On July 6, Ruby Trudel, alone, testified before the Supreme Court. She apologised to the court for her lack of knowledge of court procedures, and said that she was not homophobic, "While we do not support, encourage or endorse their lifestyle, we hold nothing against them personally." She said that those who promoted the exclusion of same-sex couples from marriage had been "rendered voiceless at the federal level." Actually, debates on the issue of same-sex marriage were "in full swing" in the Canadian Senate at that time. She expressed concern over the possibility of persecution of Christian clergy if same-sex marriage were to become legalised, "If the application before this court were to succeed, there is every reason to believe that repercussions against people of conscience and religion....will soon begin to occur here also." She asked that the court not impose costs on them, "Costs incurred to this point already exceed our ability to pay." A ruling never came from the Supreme Court, and royal assent was granted to the Civil Marriage Act on July 20, 2005, legalising same-sex marriage nationwide in Canada. Perrino and Snow were awarded $5,000 in legal fees to cover court costs. On October 17, 2005, Supreme Court Justice Virginia Schuler ordered the federal government, and therefore Canadian taxpayers, to reimburse the plaintiffs for costs they incurred during their legal challenge. Perrino and Snow married following the legalisation of same-sex marriage in the territory.
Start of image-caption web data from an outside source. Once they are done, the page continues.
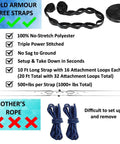Gold Armour tree straps for ultra comfortable extra large double camping hammock with easy setup instructions.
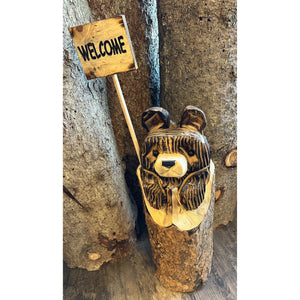 Wood Carved Bear in Stump - 18in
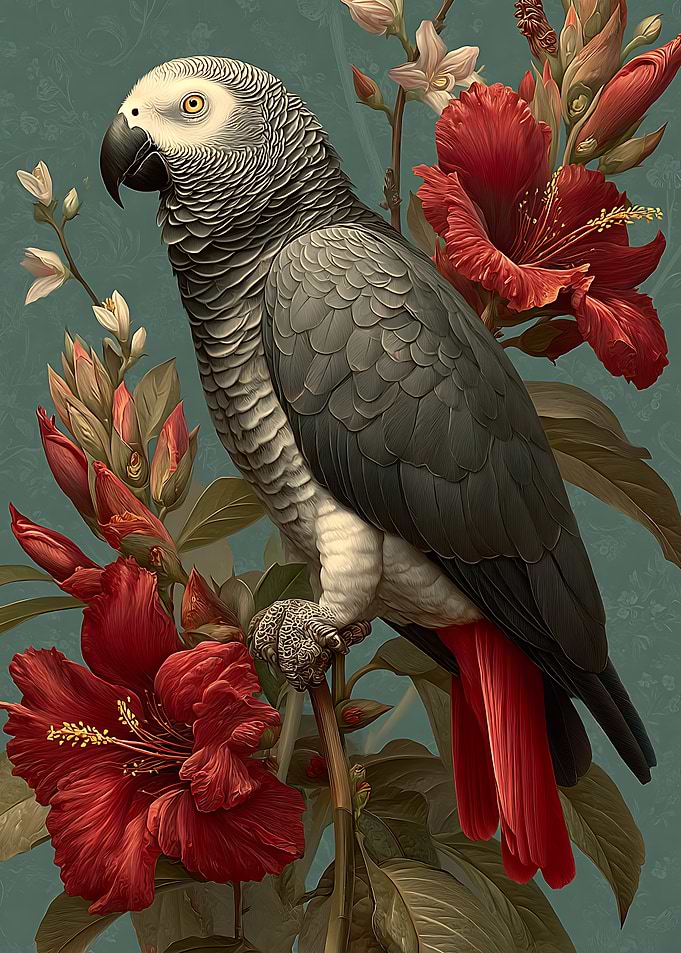 African Grey Parrot with Hibiscus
==Territorial legislation==

In June 2002, the Legislative Assembly of the Northwest Territories amended territorial law to allow same-sex couples to adopt children jointly. It also modified the definition of "spouse" to grant same-sex couples some legal rights and benefits. Further legislation was passed in March 2005. On March 7, 2017, the Legislative Assembly approved a new Marriage Act, (Note: In some of the Northwest Territories' official languages:

- ᐑᑭᐦᑐᐏᐣ ᐏᔭᓯᐍᐏᐣ, Wîkihtowin Wiyasiwêwin
- Ełetsʼìhchìı Nàowo
- Loi sur le mariage
- Nihkhàgadhidii geenjit dàgwìdįįʼee
- Katitiviliqinikkut Maligaq
- ᑲᑎᑎᓯᒪᔪᓕᕆᓂᕐᒧᑦ ᐱᖁᔭᖅ, Katitisimajulirinirmut Piqujaq
- Ełetsʼíchu Ɂeɂá) intended to harmonize various territorial family laws and modernize legal requirements for marriage. The new law, which uses gender-neutral language when referring to married spouses, passed by a unanimous 16–0 vote, with all seven members of the Executive Council voting in favour. It received royal assent by acting Commissioner Gerald Kisoun on March 10, and went into effect on June 1, 2017. The Marriage Act states that:

"marriage" means the voluntary union of two persons to the exclusion of all others

==Marriage statistics==
The 2016 Canadian census showed that there were 75 same-sex couples living in the Northwest Territories.

==Religious performance==
In July 2019, the synod of the Anglican Church of Canada narrowly rejected a motion to authorise same-sex marriage and allow clergy in the Church to officiate at such marriages. Instead, the church synod passed a resolution known as "A Word to the Church", allowing its dioceses to choose whether to bless and perform same-sex marriages. Clergy of the Diocese of The Arctic, including Bishop David Parsons, have been vocally opposed to the solemnisation of same-sex marriages within the church. Following the passage of the resolution, several dioceses, including those of Ottawa and Rupert's Land, announced they would permit their clergy to solemnise same-sex marriages in accordance with the new resolution passed by the church synod. The Diocese of The Arctic chose to distance itself from these dioceses, but, responding to concerns that it might be leaving the Anglican Church of Canada, it released a statement, "The Diocese of the Arctic remains a diocese within the Anglican Church of Canada, but must distance itself from those who violate the marriage canon. The implication of this is a state of 'impaired communion'."

Some other religious organisations perform same-sex marriages in their places of worship, including the United Church of Canada, Quakers, the Evangelical Lutheran Church in Canada, and the Canadian Unitarian Council.